Assignment => Repeat exactly the lines of the material below that run from the "Special Thank you" line to the "Handmade pastel rainbow" line, including both, and do not carry over any pictures.
'''
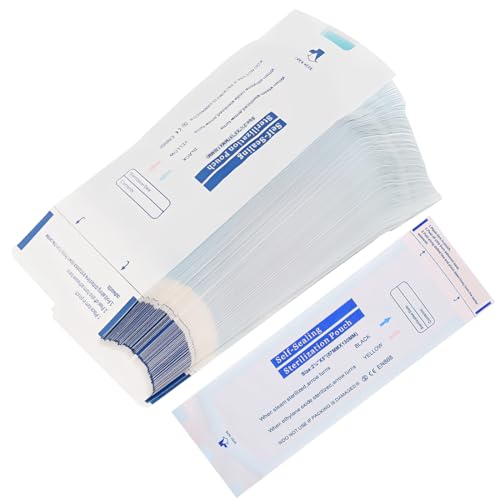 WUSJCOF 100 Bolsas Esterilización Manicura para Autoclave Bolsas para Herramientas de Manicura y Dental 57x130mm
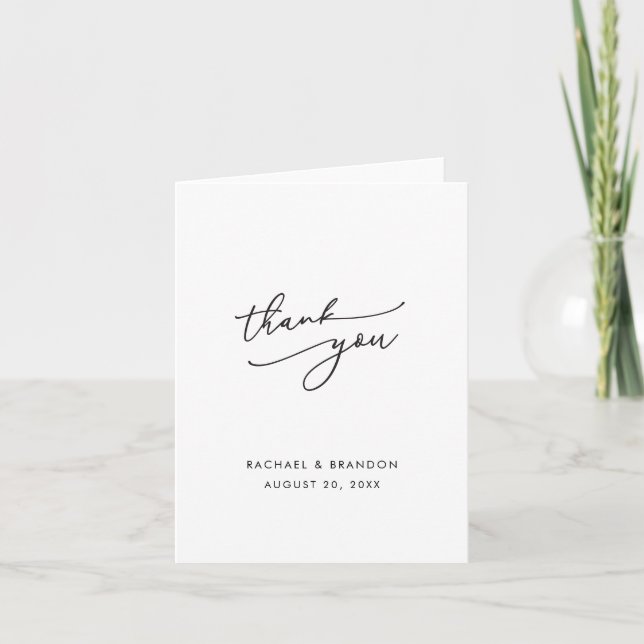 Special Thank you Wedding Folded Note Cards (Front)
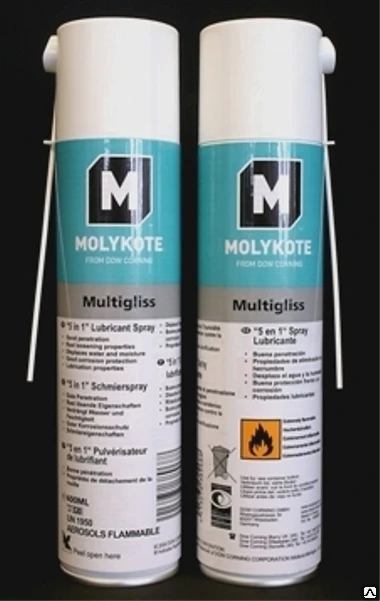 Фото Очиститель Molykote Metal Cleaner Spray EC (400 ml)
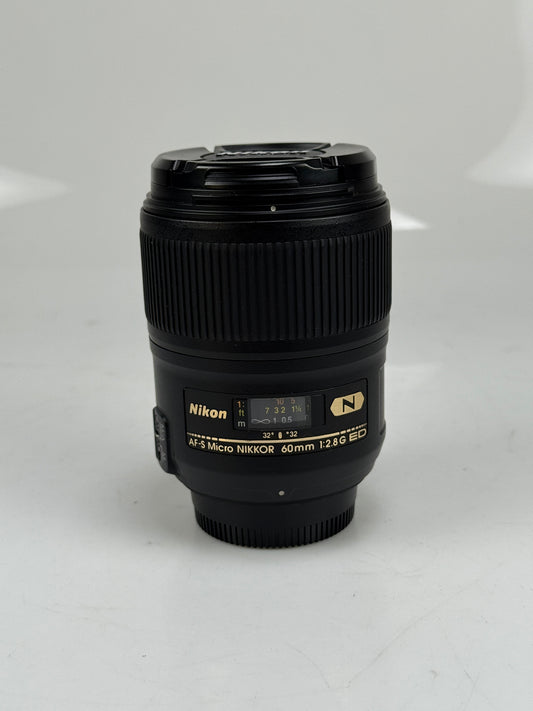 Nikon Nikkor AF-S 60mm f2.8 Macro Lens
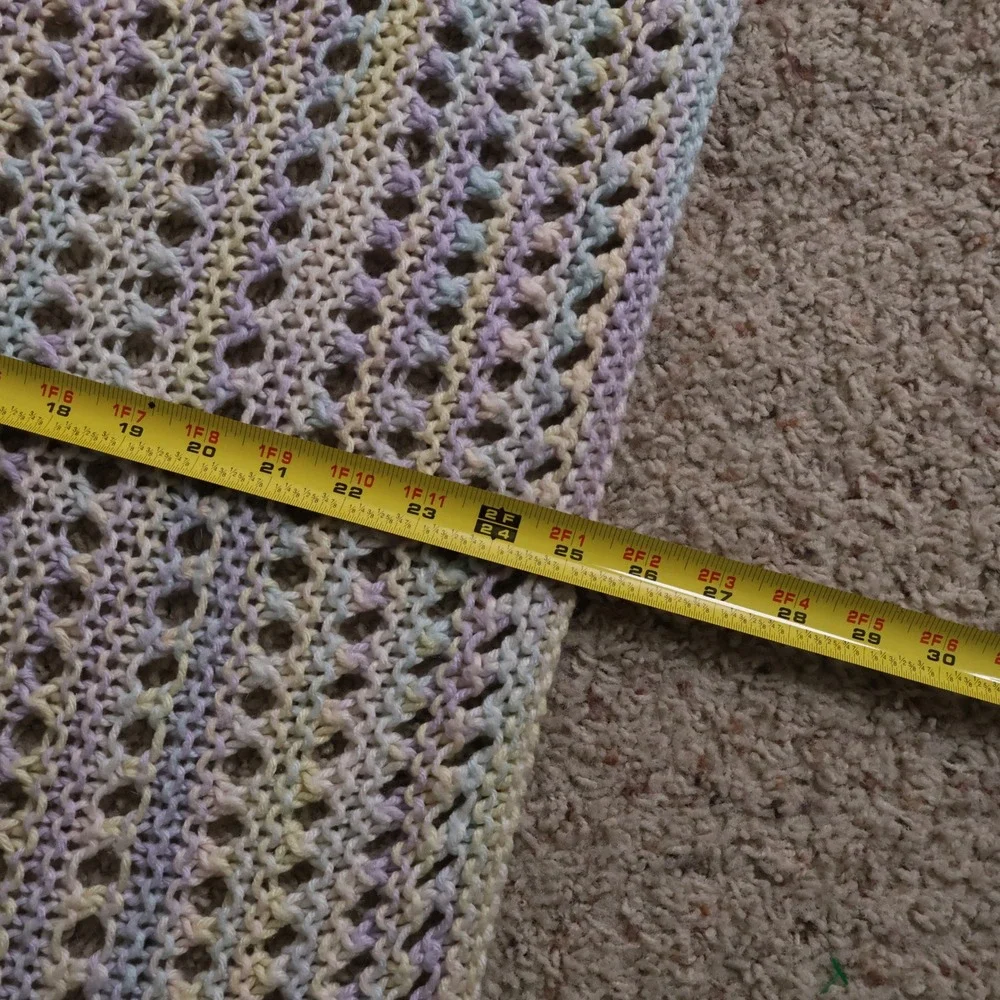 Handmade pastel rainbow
'''
'''
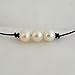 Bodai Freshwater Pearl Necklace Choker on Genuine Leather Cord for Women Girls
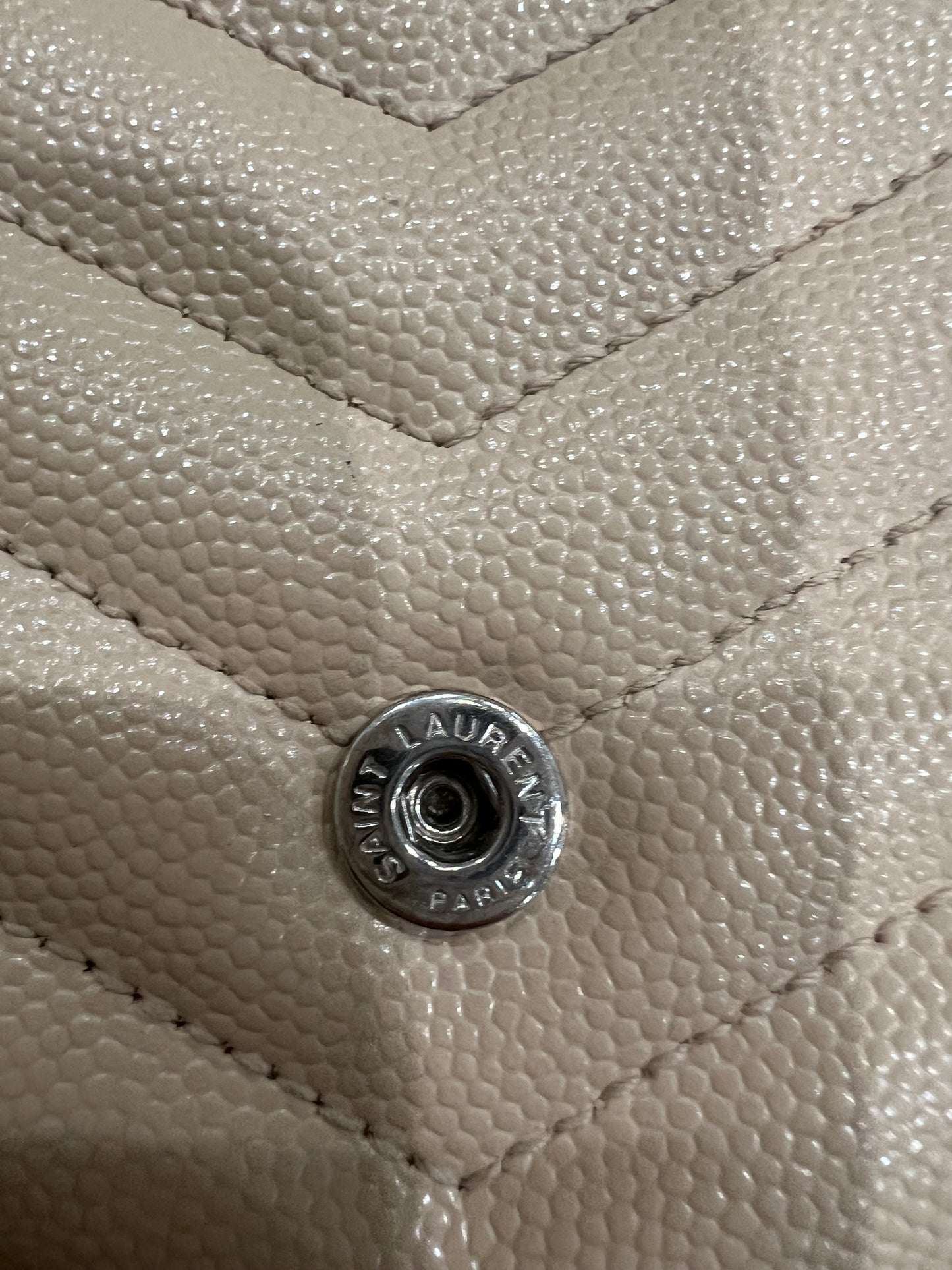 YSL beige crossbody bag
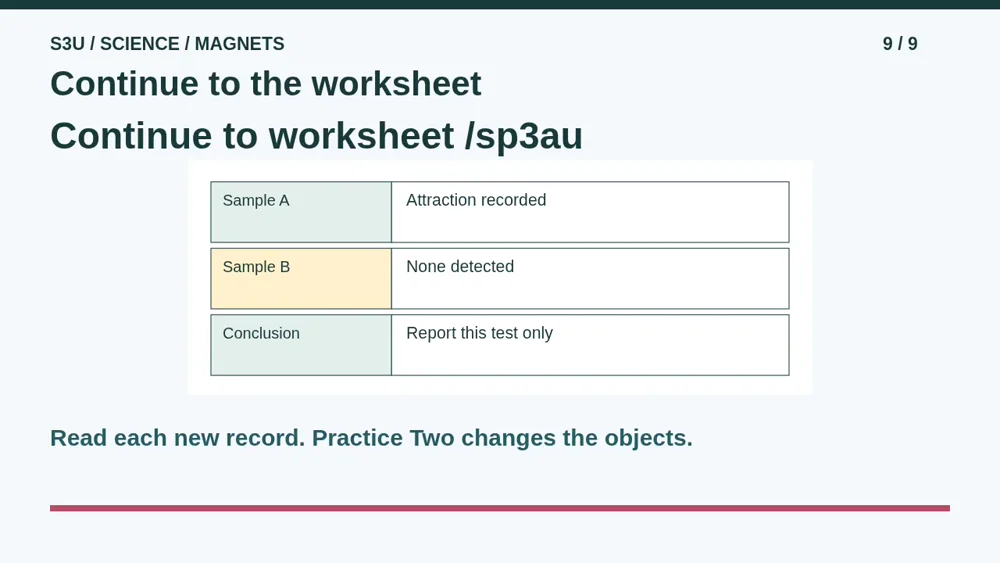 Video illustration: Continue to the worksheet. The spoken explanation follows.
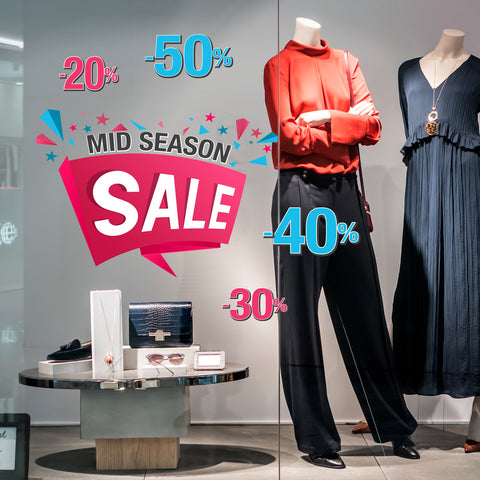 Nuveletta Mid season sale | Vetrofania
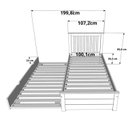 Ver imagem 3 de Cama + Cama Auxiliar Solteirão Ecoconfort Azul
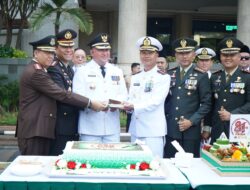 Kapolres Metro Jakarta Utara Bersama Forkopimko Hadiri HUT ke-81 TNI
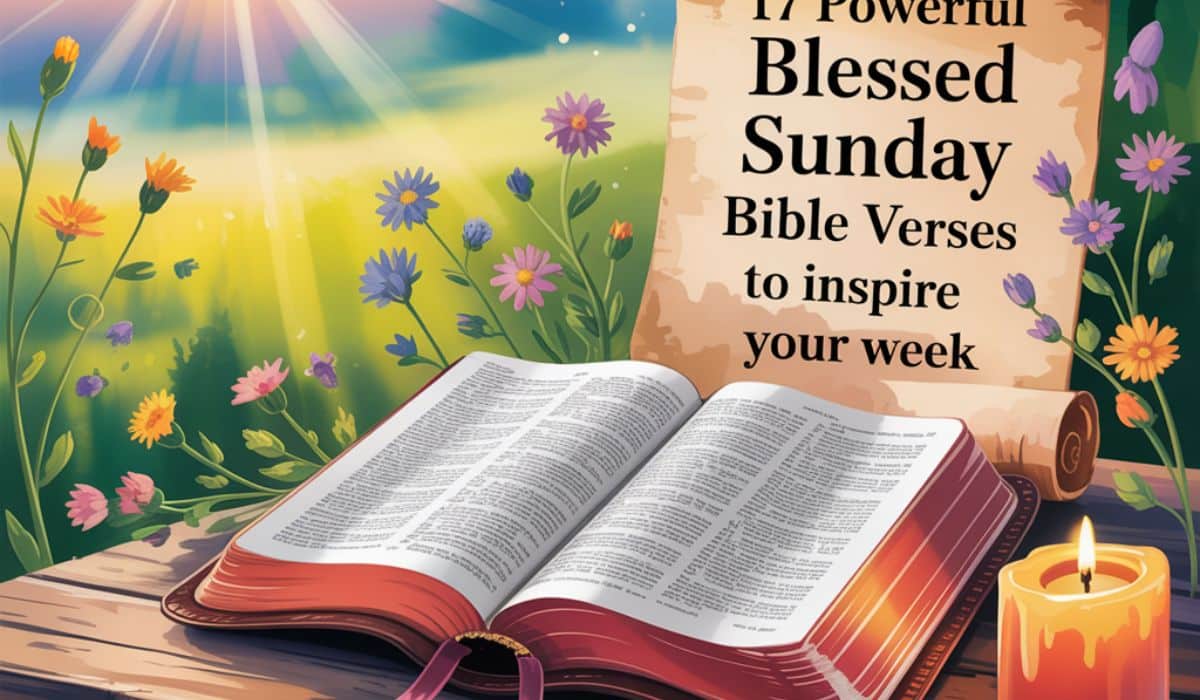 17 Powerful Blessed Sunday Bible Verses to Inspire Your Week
'''
'''
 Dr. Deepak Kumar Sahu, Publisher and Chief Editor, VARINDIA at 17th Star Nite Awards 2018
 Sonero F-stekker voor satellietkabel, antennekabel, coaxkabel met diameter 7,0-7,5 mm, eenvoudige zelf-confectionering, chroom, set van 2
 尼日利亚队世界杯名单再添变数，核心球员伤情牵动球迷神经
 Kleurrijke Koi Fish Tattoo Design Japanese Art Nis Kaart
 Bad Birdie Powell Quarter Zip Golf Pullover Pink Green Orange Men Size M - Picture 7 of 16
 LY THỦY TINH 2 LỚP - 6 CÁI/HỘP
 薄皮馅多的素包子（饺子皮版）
'''
Result for this task =>
 Special Thank you Wedding Folded Note Cards (Front)
 Фото Очиститель Molykote Metal Cleaner Spray EC (400 ml)
 Nikon Nikkor AF-S 60mm f2.8 Macro Lens
 Handmade pastel rainbow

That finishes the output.